Collection entries:
>>

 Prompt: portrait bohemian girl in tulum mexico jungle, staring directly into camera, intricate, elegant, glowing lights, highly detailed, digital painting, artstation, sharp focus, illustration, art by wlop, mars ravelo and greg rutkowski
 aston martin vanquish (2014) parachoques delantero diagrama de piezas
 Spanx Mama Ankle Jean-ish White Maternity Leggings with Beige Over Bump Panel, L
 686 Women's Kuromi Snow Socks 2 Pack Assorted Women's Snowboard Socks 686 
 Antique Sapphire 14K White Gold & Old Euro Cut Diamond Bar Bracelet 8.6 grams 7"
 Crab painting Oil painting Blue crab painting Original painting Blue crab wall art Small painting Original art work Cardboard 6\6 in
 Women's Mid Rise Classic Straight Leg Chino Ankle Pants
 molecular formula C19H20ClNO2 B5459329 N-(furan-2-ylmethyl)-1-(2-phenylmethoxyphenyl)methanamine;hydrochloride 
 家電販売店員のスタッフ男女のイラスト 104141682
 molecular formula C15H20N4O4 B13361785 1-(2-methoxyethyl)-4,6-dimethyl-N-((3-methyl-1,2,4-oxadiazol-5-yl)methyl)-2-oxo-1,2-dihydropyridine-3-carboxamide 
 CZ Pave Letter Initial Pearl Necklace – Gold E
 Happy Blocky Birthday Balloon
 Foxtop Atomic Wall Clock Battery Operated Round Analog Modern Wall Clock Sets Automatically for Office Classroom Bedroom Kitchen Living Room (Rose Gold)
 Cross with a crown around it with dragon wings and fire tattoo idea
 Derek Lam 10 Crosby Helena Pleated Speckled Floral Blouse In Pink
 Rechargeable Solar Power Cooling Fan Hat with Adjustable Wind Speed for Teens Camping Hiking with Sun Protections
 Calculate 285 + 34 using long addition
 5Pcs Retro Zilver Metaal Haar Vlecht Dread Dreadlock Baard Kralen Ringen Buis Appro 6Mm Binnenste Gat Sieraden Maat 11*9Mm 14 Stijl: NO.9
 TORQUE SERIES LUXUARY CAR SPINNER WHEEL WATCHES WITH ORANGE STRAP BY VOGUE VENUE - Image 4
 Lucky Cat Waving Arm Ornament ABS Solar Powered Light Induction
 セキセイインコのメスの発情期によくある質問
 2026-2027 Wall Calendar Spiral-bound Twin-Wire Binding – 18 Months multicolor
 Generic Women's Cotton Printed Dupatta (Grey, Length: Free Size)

<<

Work instructions:
Each line from the one containing "Rechargeable Solar Power" through the last line of the entries above is to be returned exactly, and no others.

Problem solution:
 Rechargeable Solar Power Cooling Fan Hat with Adjustable Wind Speed for Teens Camping Hiking with Sun Protections
 Calculate 285 + 34 using long addition
 5Pcs Retro Zilver Metaal Haar Vlecht Dread Dreadlock Baard Kralen Ringen Buis Appro 6Mm Binnenste Gat Sieraden Maat 11*9Mm 14 Stijl: NO.9
 TORQUE SERIES LUXUARY CAR SPINNER WHEEL WATCHES WITH ORANGE STRAP BY VOGUE VENUE - Image 4
 Lucky Cat Waving Arm Ornament ABS Solar Powered Light Induction
 セキセイインコのメスの発情期によくある質問
 2026-2027 Wall Calendar Spiral-bound Twin-Wire Binding – 18 Months multicolor
 Generic Women's Cotton Printed Dupatta (Grey, Length: Free Size)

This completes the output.